Helen Tregidga says she loved doing her PhD at the time. And looking back, she loved it even more.
“I wanted to know what it meant for an organisation to claim to be 'sustainable'. Being able to focus on something you're incredibly interested in full-time, supported by a scholarship and supervisors who are interested in what you're doing – what a luxury! I want to do another one.”
It's a world away from her “great, but busy” transition to life as an academic, with the demands of teaching and pressure to publish upon her. She says she treated her PhD like a job, and conscientiously worked her way through to the end. “I worked on it every day. I didn't want to get into the habit of not doing it.”
The secret, she says, is great supervisors. “You put so much trust in this one relationship. They will tell you when you're ready to submit, and you rely on them not to embarrass you by letting you submit something which is not ready. If you are even considering doing a PhD, start thinking about your supervisor. Ask around, talk to other students. Make sure you are happy.”
Even when Helen's primary supervisor moved away to Christchurch, the pair maintained a good relationship and stayed in close communication. “I had my doubts the distance arrangement would work well, but he was fantastic. He even flew me to Christchurch for a week at one stage.”
While Helen's supervisors guided her through her project, they never pressured her to publish. “Our philosophy was, get the PhD done, publish later. Only if a journal article was directly relevant and helped with writing the PhD did we consider it, and I only did this once.”
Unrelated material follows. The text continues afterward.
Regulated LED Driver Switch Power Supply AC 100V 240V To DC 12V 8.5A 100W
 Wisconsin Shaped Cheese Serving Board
Her focus paid off, with Helen winning the praise of an international publishing house with the Emerald/EFMD Outstanding Doctoral Thesis Award. And as a young academic with a PhD complete and ripe for generating publications, Helen was snapped up for a lecturing position, and promoted soon afterwards.
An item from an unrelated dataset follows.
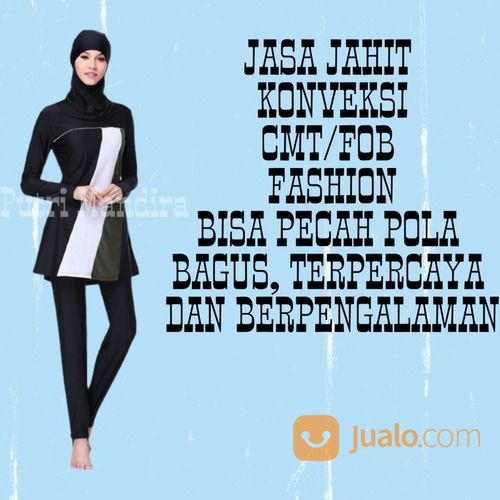BAJU RENANG MUSLIMAH JASA JAHIT KONVEKSI FASHION
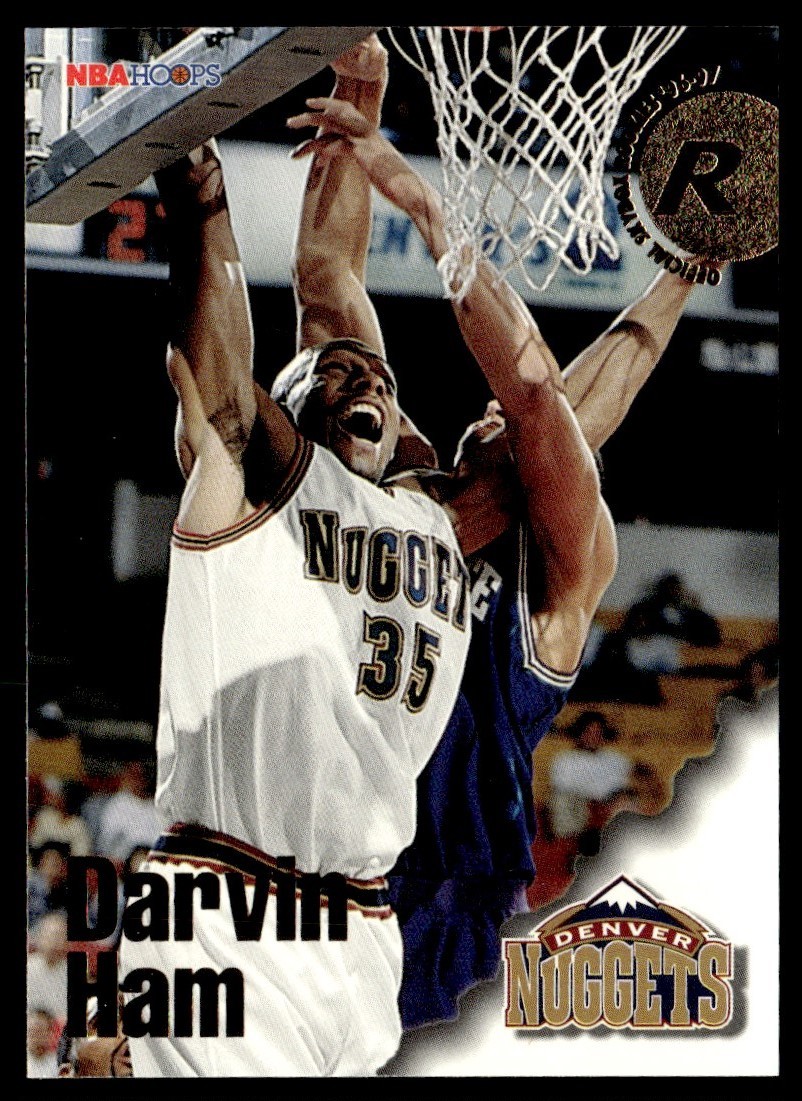 1996-97 Hoops Darvin Ham Rookie Denver Nuggets #291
“Then, the first article I sent off from the thesis was rejected outright! One minute I'm being told it's an award-winning thesis, then I get a complete rejection.”
You do have to develop a tough skin, says Helen, and to take pride in your achievements.
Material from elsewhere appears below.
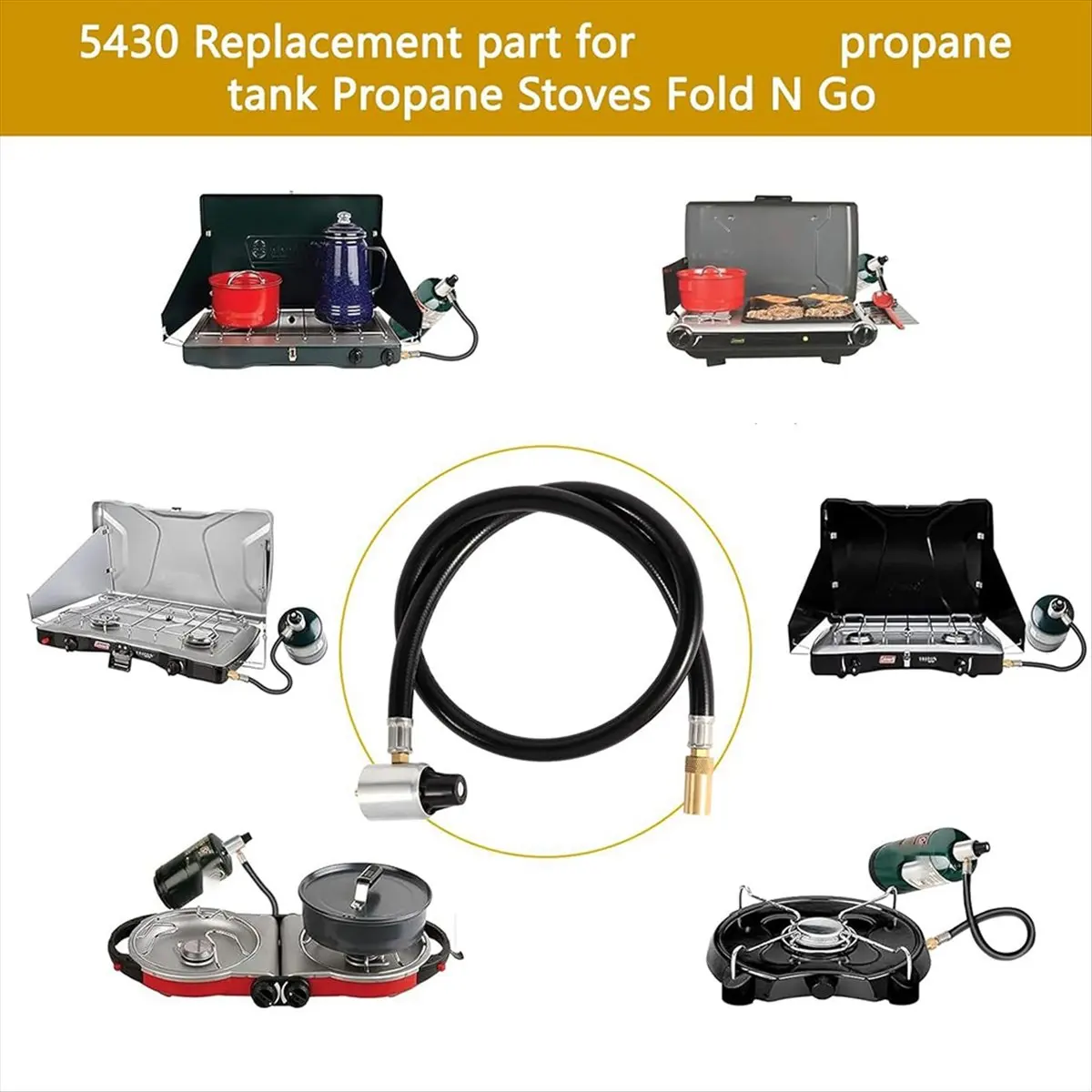Reliable- New 3FT Propane Regulator 5430 Extension Hose for Coleman Propane Tanks and Propane Stove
“I celebrated getting my literature review finished, submitting my first draft, receiving my examiners' reports. They are all significant milestones, and a PhD is a long journey – you need to congratulate yourself every chance you get!”
“When you're at university, it's easy to forget that having a doctorate is a big achievement because so many people in that environment have one. But it is a big deal, it's something relatively few people ever attain and it is something to be truly proud of.”
Helen's thesis has been formally recognised by the Division of Commerce as being of exceptional quality.